Background to Axelrod’s Tournament¶
The Prisoner’s Dilemma¶
The Prisoner’s dilemma is the simple two player game shown below:
If both players cooperate they will each go to prison for 2 years and receive an equivalent utility of 3. If one cooperates and the other defects: the defector does not go to prison and the cooperator goes to prison for 5 years, the cooperator receives a utility of 0 and the defector a utility of 5. If both defect: they both go to prison for 4 years and receive an equivalent utility of 1.
Years in prison doesn’t equal to utility directly. The formula is U = 5 - Y for Y in [0, 5], where
U is the utility,
Y are years in prison. The reason is to follow the original Axelrod’s scoring.

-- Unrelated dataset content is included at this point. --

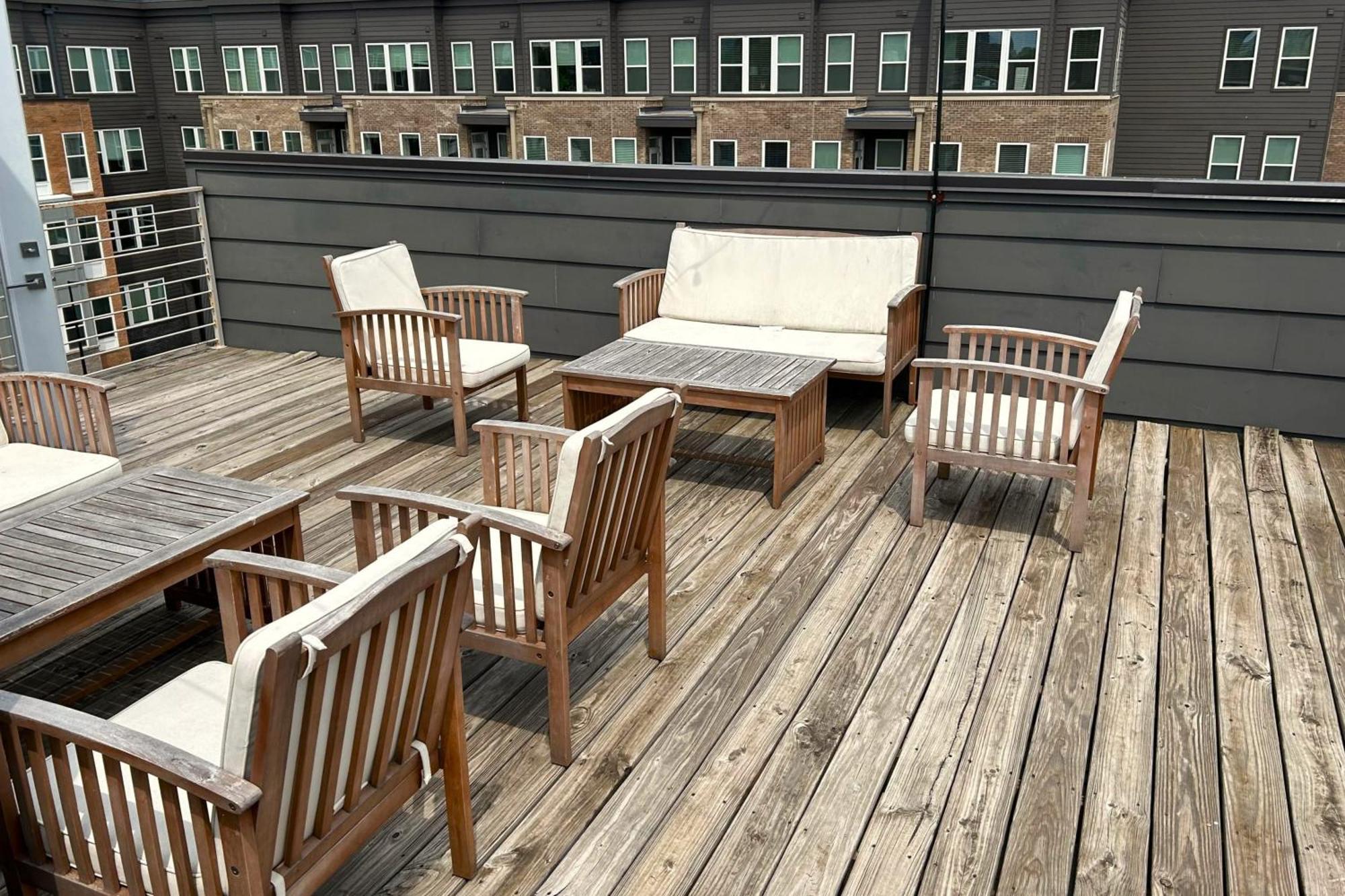 The Kora - Rooftop Luxury In Nashville'S Gulch Buitenkant foto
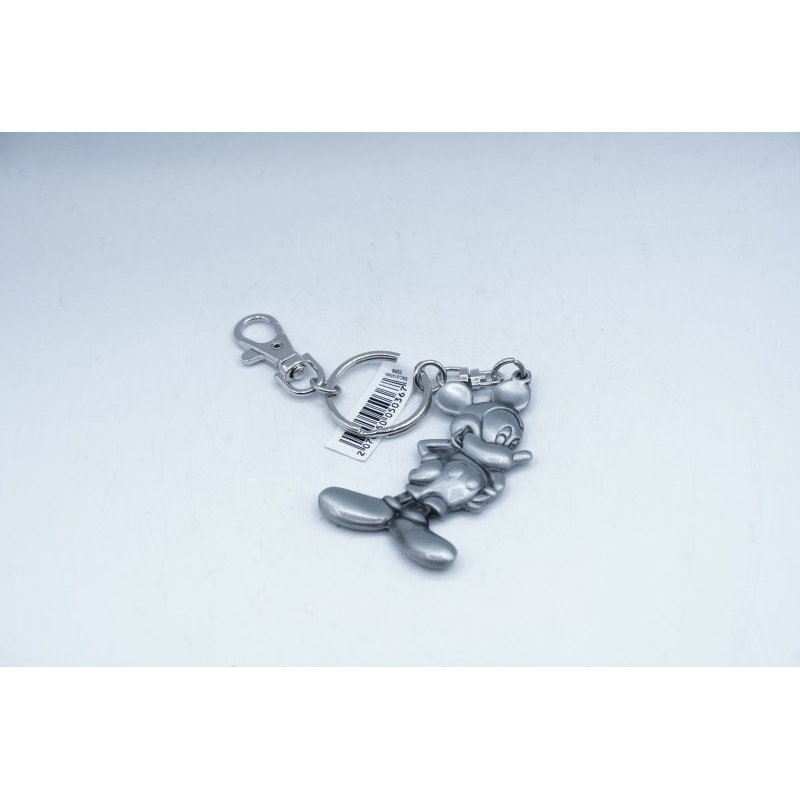 Keychain Metal Mickey Mouse Disneyland Paris Merchandise Gantungan Kunci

By simply investigating the best responses against both possible actions of each player it is immediate to see that the Nash equilibrium for this game is for both players to defect.
The Iterated Prisoner’s Dilemma¶
We can use the basic Prisoner’s Dilemma as a stage game in a repeated game. Players now aim to maximise the utility (corresponding to years in prison) over a repetition of the game. Strategies can take in to account both players history and so can take the form:
“I will cooperate unless you defect 3 times in a row at which point I will defect forever.”
Axelrod ran such a tournament (twice) and invited strategies from anyone who would contribute. The tournament was a round robin and the winner was the strategy who had the lowest total amount of time in prison.
This tournament has been used to study how cooperation can evolve from a very simple set of rules. This is mainly because the winner of both tournaments was ‘tit for tat’: a strategy that would never defect first (referred to as a ‘nice’ strategy).